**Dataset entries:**
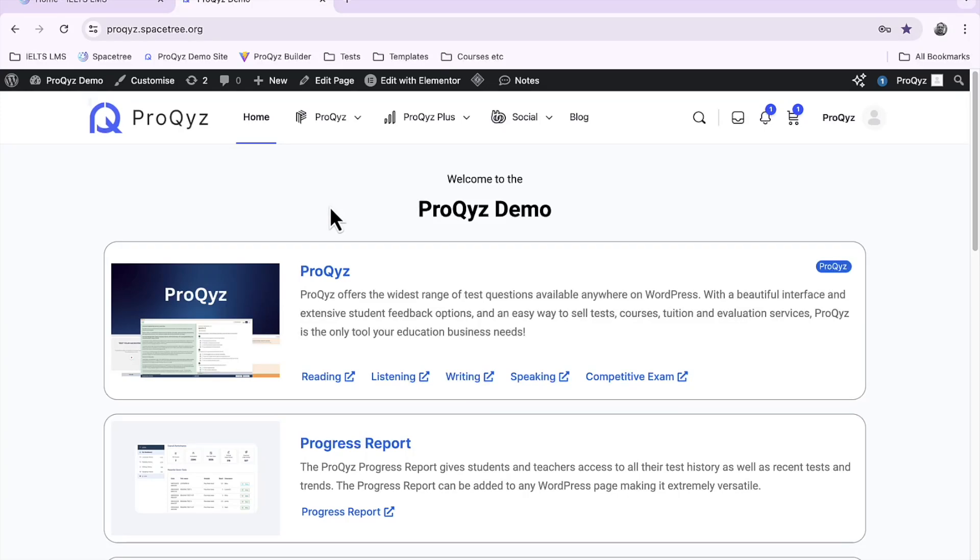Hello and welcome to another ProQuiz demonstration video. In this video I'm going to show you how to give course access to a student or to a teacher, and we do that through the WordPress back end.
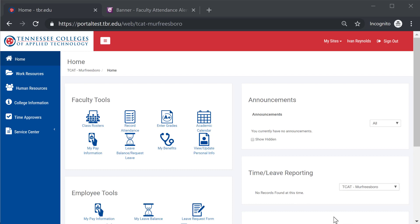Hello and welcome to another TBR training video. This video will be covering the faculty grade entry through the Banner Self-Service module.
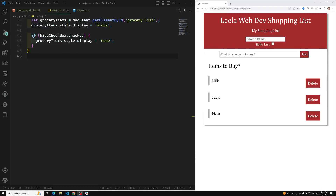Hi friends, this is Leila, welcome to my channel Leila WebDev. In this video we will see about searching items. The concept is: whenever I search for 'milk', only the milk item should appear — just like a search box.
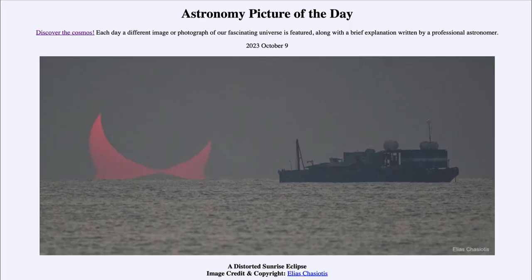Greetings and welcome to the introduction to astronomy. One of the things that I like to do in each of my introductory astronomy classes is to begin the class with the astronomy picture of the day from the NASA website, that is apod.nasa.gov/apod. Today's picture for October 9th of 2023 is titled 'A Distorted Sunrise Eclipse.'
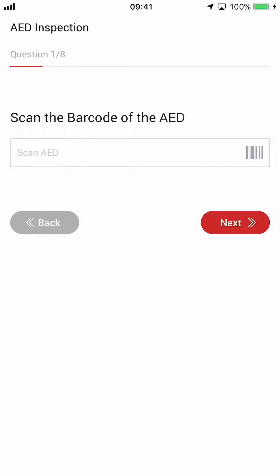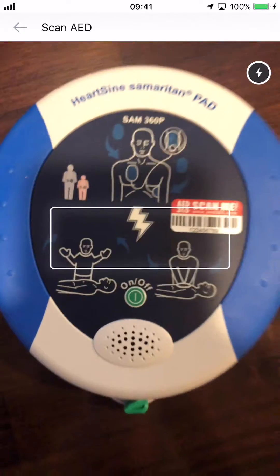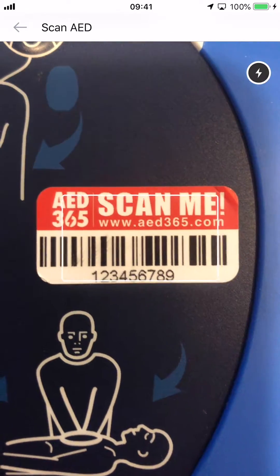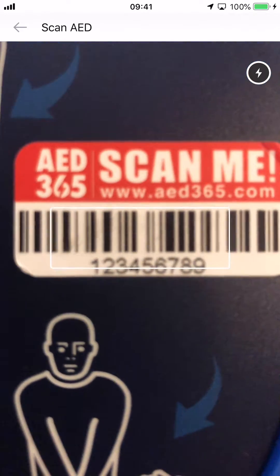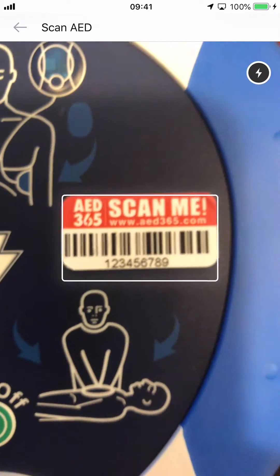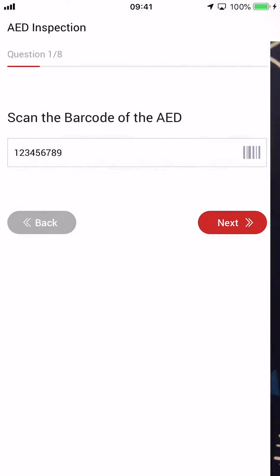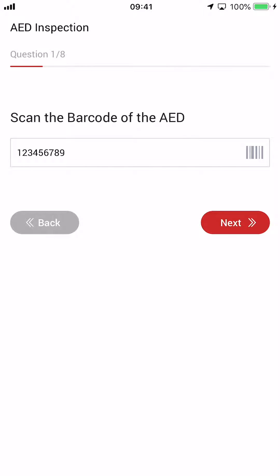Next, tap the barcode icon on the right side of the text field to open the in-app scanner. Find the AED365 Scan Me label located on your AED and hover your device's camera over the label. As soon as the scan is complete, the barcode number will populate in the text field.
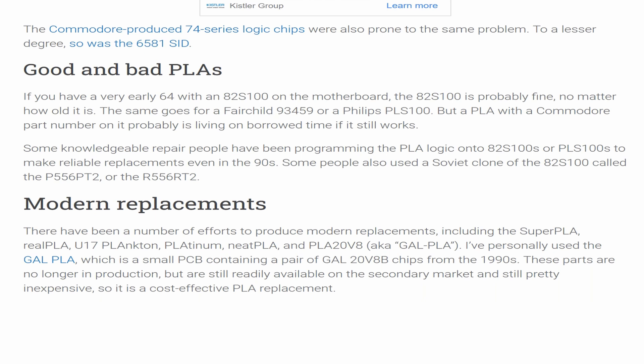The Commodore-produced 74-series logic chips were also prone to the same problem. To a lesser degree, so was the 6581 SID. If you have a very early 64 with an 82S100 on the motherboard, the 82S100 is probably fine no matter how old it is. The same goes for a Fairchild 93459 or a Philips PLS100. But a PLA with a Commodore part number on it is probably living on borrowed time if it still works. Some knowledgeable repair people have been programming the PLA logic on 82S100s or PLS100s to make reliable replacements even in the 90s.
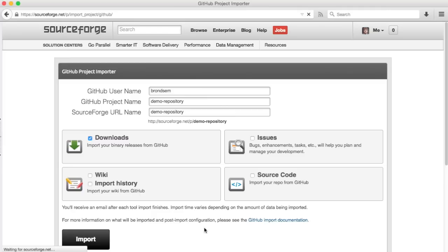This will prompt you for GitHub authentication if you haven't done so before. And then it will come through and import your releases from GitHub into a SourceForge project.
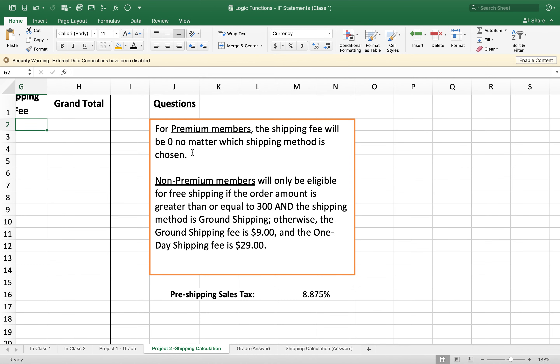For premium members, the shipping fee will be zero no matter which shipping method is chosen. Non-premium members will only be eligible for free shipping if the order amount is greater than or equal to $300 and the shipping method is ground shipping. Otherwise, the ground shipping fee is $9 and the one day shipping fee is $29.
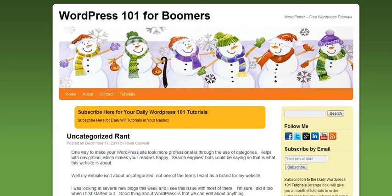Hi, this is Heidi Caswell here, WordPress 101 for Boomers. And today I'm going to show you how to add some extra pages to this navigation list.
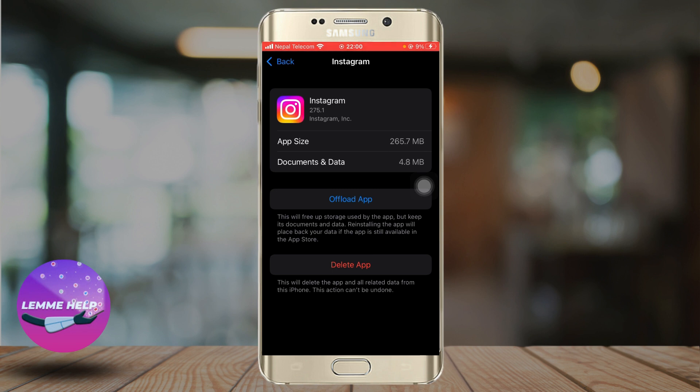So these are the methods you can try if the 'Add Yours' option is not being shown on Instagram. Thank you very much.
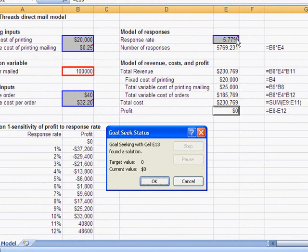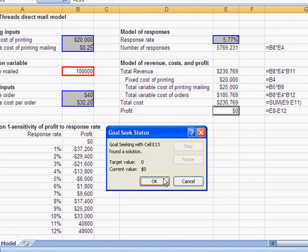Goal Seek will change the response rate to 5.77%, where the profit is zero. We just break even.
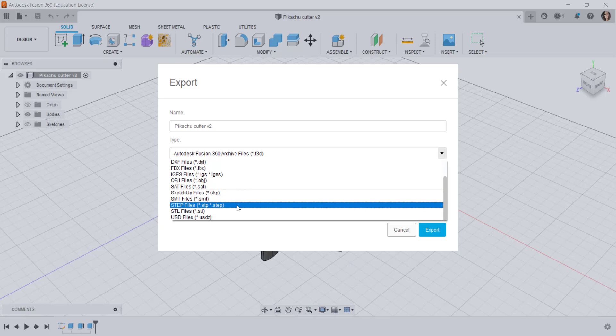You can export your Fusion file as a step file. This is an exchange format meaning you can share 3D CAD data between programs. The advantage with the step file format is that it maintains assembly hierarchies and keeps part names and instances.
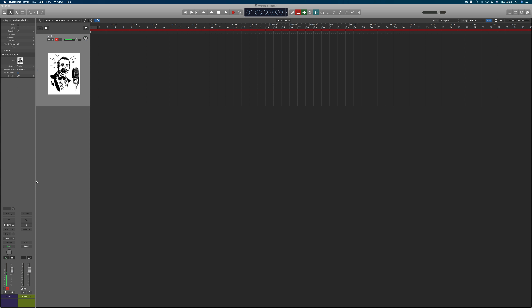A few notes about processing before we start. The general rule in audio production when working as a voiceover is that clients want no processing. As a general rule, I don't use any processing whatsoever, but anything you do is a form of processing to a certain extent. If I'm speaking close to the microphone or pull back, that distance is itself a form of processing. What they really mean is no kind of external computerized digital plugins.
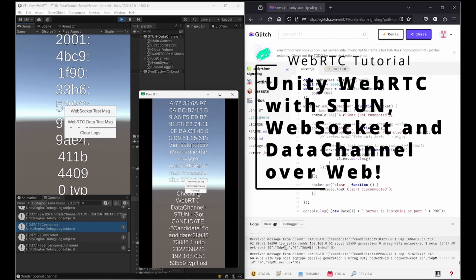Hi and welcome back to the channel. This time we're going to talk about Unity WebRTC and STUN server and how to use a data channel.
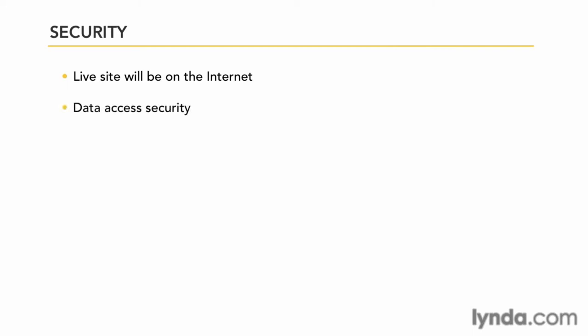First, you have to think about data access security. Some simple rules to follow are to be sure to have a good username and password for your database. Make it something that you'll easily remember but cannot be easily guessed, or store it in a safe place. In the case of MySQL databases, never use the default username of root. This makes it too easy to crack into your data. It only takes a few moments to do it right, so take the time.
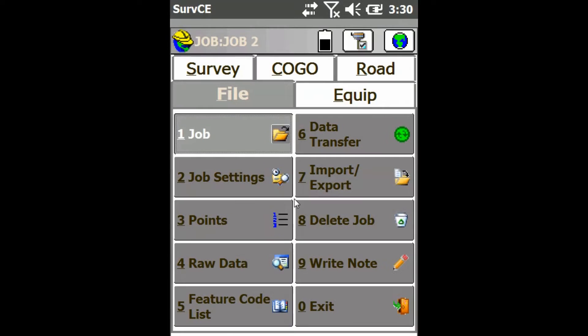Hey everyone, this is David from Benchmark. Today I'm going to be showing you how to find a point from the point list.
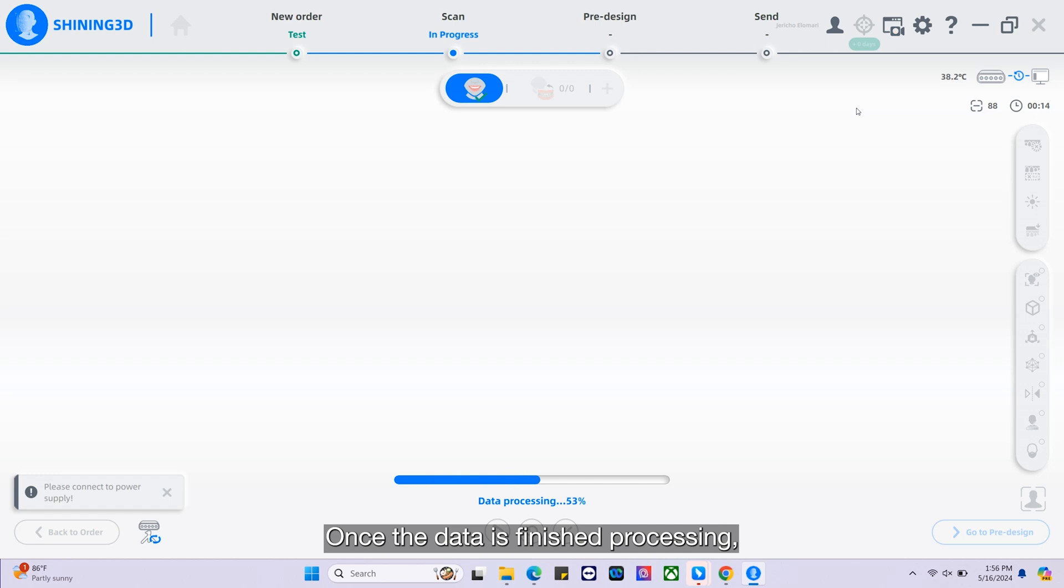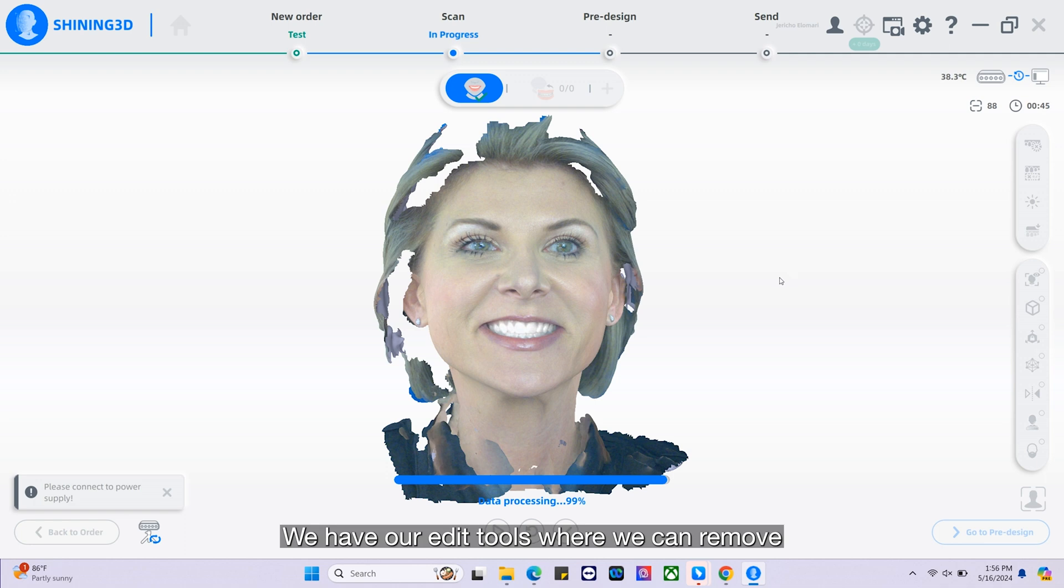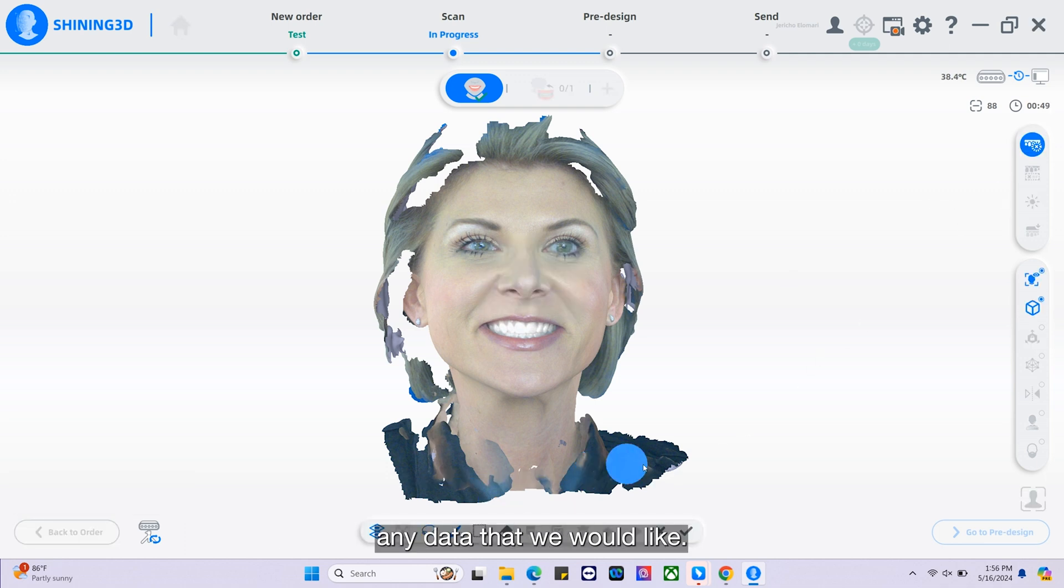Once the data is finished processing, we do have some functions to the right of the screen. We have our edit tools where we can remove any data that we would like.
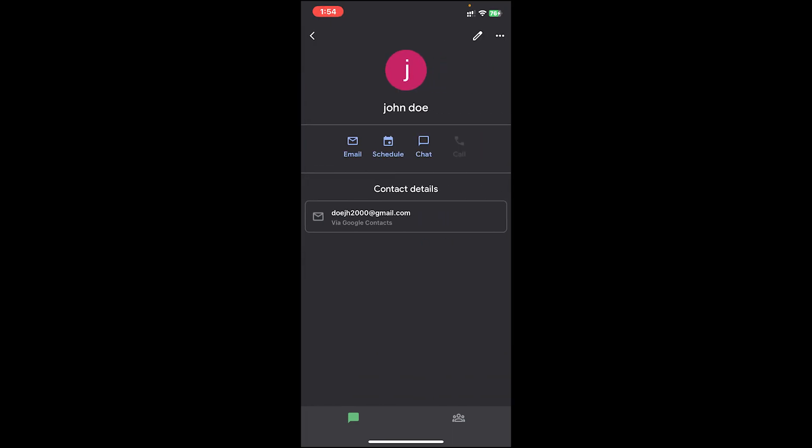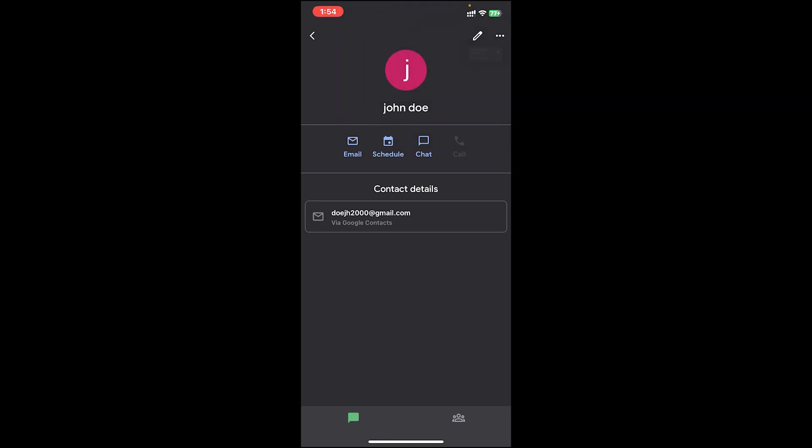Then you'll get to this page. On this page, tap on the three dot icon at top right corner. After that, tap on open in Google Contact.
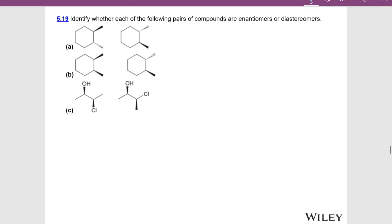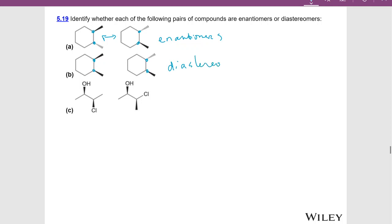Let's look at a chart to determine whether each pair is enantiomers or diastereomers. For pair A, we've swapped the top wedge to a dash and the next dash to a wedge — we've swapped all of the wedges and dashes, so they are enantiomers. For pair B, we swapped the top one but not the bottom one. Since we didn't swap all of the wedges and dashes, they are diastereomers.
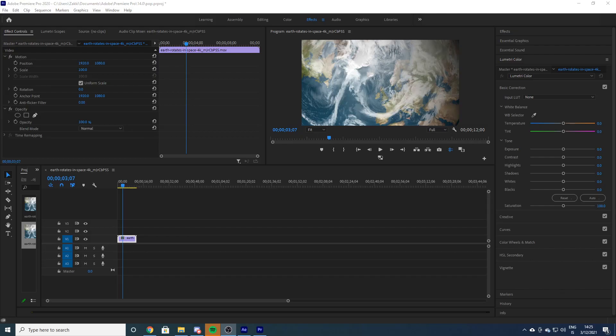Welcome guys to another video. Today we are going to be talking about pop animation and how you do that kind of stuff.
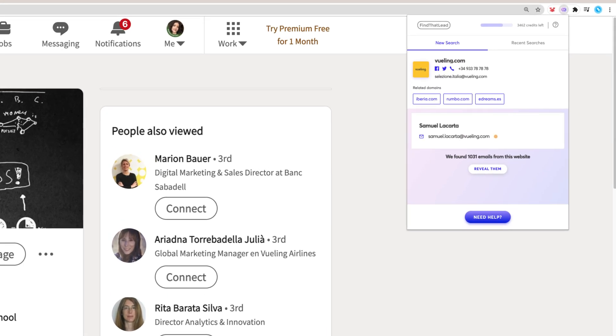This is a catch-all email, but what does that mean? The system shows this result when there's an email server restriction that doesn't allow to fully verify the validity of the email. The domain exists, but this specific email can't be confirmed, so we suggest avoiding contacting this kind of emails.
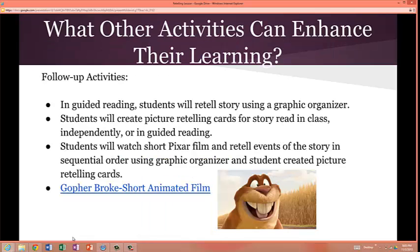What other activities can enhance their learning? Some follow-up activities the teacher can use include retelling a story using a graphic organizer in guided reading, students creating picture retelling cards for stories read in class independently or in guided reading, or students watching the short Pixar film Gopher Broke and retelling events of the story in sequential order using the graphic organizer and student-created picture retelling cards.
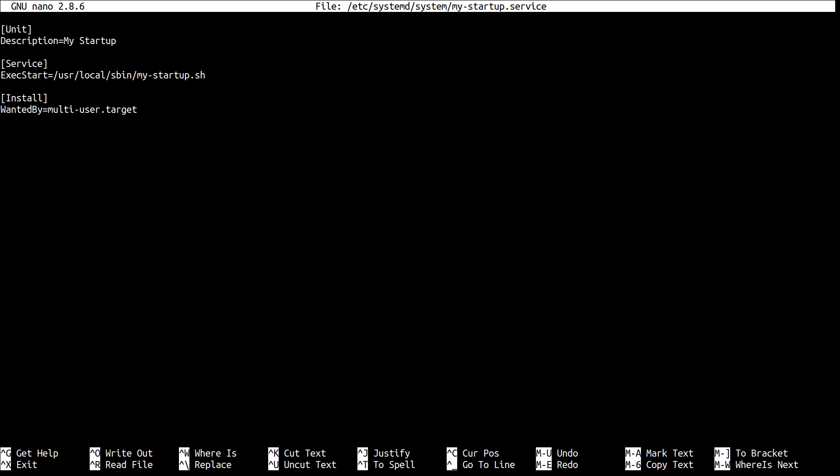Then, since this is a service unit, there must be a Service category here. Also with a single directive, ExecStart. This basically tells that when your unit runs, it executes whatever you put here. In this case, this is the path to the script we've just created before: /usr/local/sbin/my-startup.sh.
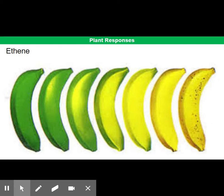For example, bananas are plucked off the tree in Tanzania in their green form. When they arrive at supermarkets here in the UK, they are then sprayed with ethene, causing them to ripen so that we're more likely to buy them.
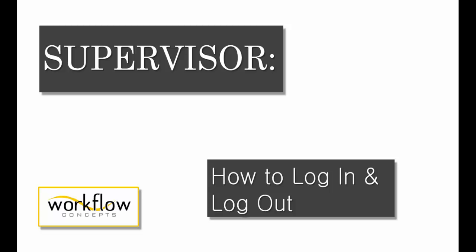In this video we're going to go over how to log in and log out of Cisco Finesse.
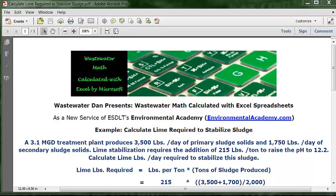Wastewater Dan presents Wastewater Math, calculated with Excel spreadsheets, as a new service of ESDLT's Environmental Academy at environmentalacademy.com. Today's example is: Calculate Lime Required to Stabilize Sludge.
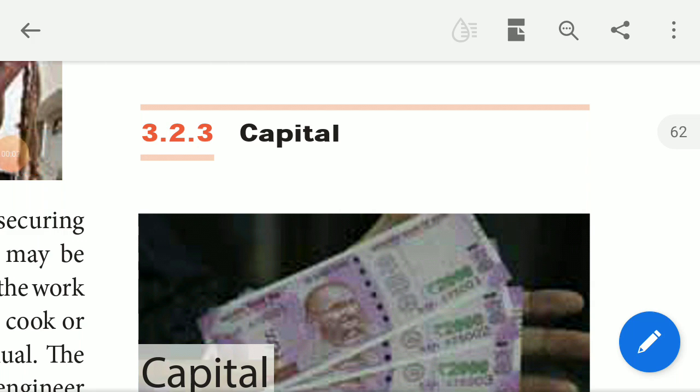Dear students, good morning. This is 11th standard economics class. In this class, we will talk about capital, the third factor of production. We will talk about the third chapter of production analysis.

**WHAT IS REQUIRED:**
Leave the pictures out, and transcribe exactly the lines above starting at the one that contains "This will prompt" and ending at the one that contains "Hi, this is".

**EXERCISE RESPONSE:**
This will prompt you for GitHub authentication if you haven't done so before. And then it will come through and import your releases from GitHub into a SourceForge project.
For premium members, the shipping fee will be zero no matter which shipping method is chosen. Non-premium members will only be eligible for free shipping if the order amount is greater than or equal to $300 and the shipping method is ground shipping. Otherwise, the ground shipping fee is $9 and the one day shipping fee is $29.
Hi, this is Heidi Caswell here, WordPress 101 for Boomers. And today I'm going to show you how to add some extra pages to this navigation list.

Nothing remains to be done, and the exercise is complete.